Reviews

”Othello” at the National Theatre – review

Rosy McEwen and Giles Terera
Rosy McEwen and Giles Terera
© Myah Jeffers
Shakespeare’s Othello is the most terrible tragedy of if only. If only noble Othello hadn’t trusted his lieutenant Iago; if only someone had actually asked Desdemona where she put her handkerchief; if only Emilia had spoken out sooner. Then all the sadness, misunderstanding, waste and death might have been avoided.

Clint Dyer’s sensational new production, starring Giles Terera, makes an impressive attempt at explaining why no-one at any point asks the right questions of the right people. It surrounds Othello and Desdemona (Rosy McEwen), a Black man and a white woman who love each other, with a hostile society – an omnipresent chorus intently watching every move, willing them to fail.
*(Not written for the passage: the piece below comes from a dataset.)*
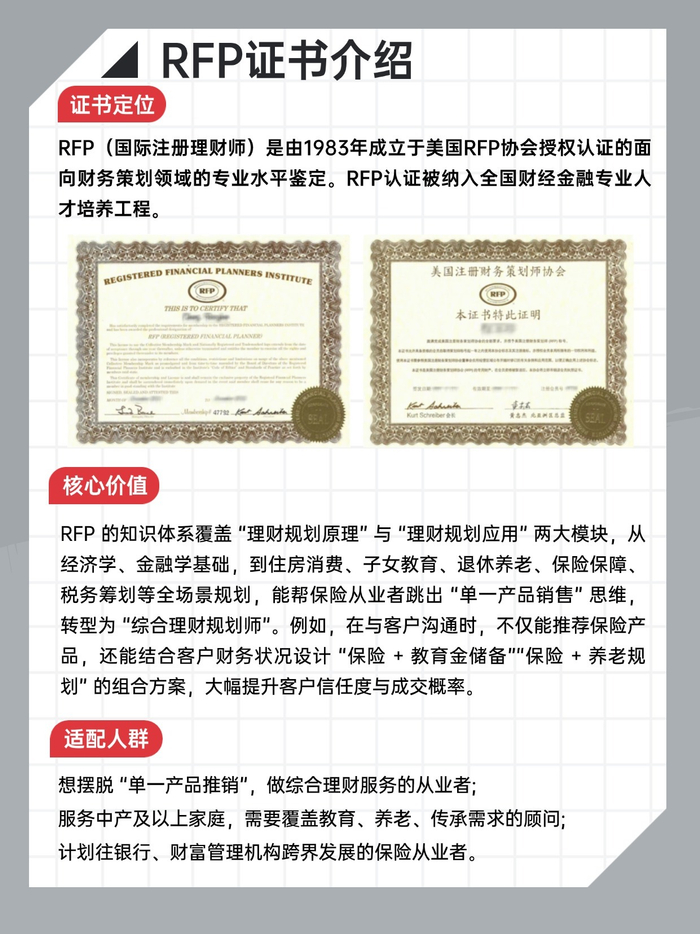报考核心规则_最新理财攻略_RFP认证价值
Dyer is the first Black director of the play in a major British theatre and the depth of his thinking about its meanings is clear in every scene. First, we see Othello the warrior, displaying his warlike prowess in the centre of Chloe Lamford’s monochrome stage, starkly lit by Jai Morjaria. Then we realise how quickly applause and gratitude can turn to disgust, as Paul Hilton’s black-shirted, Oswald Moseley lookalike, slyly eggs on the equivalent of a lynch mob, their bright brands burning to discover if Desdemona has indeed escaped her father’s house to marry her love and commit – in Shakespeare’s shocking phrase – “treason of the blood.”

The ferocity of the mob is contrasted with the couple’s love-struck dignity. There’s a moment when, in Lucie Pankhurst’s under-stated choreography, they seem to be holding themselves poised as if into a facing wind, ready to jointly retreat if things turn against them.

Paul Hilton as Iago
Paul Hilton as Iago
© Myah Jeffers

These early scenes, directed with immense confidence, set the pace and the tone of everything that follows, with the tension ratcheted up to breaking point as every moment passes. Details are carefully observed; the way the elders of Venice consistently ignore Othello’s outstretched hand; the way Cassio sneaks a drink even before Iago plies him with one; the moment when Iago expects Othello to hand him a badge of promotion and reacts when it does not appear.
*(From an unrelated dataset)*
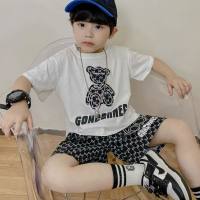 Boys summer plaid pants suits for medium and large children handsome cartoon T-shirts shorts two-piece suits trendy  Gray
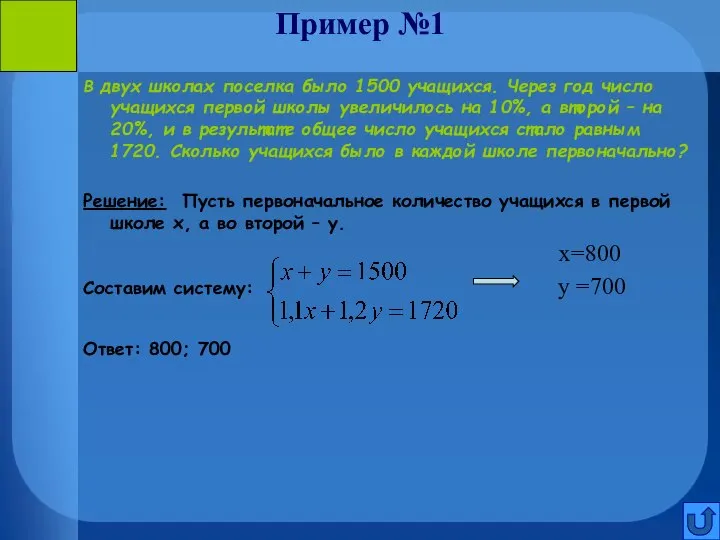 Пример №1 В двух школах поселка было 1500 учащихся. Через год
This attention to nuance pays particular dividends when it comes to the women characters. This is a society riven not only by racism and fear of the outsider but by a hatred and distrust of women that means no-one believes them or listens when they speak. In McEwen’s sensitive, clever performance, Desdemona (dressed in a black jump suit) isn’t a victim but a heroine, fierce in her beliefs and her defence of her rights. As Othello begins to doubt her, her incomprehension fills her face even as she stands up to him; she goes to her death fighting.
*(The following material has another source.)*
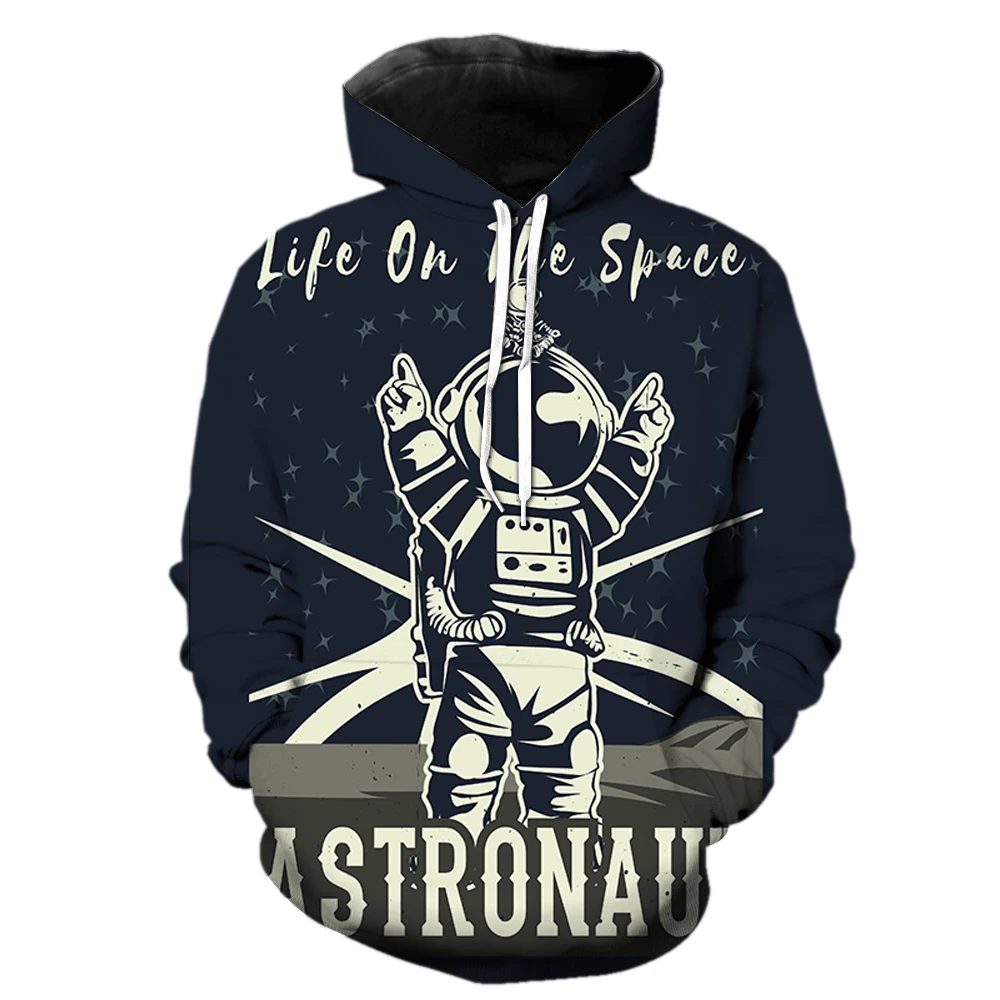 

Cartoon Astronaut Men's Hoodies Spring Fashion Long Sleeve Pullover Hip Hop Teens Funny Oversized Tops With Hood Jackets Cool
Tanya Franks’ Emilia is equally finely-drawn. There’s no doubt that she is a battered wife, hiding her bruises under her hair, flinching when her husband Iago is near. Yet, like so many victims of coercive control, she is always anxious to please him. Only when she is alone with Desdemona does she seem to free to be herself. The scene where they both sit at the front of the stage and bemoan the behaviour of “these men” becomes one of the most moving and truthful in the play.

Giles Terera and the company
Giles Terera and the company
© Myah Jeffers

In this context, Hilton’s Iago isn’t just a man disappointed by a society that fails to reward him but a man so consumed with his own hatreds that he seems to have collapsed from the inside, swivelling around the stage with a terrifying, boneless energy. His malevolence isn’t motiveless; he hates his wife and believes Othello has seduced her. It eats him up and the chorus, leaning forward on the bleachers that surround the stage, egg him on, moving in sharp agreement to Pete Malikin and Benjamin Grant’s terrifying metallic soundscape.

Terera’s Othello makes the most of the contrasts of emotion that beset him. You sense his feeling of always being in peril, always clinging to a position that he is not sure belongs to him. When he declares his love for Desdemona, he literally dances and jumps, unable to contain his joy. His descent into doubt is just as extreme. He succumbs to the chaos his jealousy unleashes like a man who never believed he deserved anything better.

It’s an intense collapse, riding Shakespeare’s language to find his own meanings, an extraordinary performance at the heart of a revelatory and relevant production.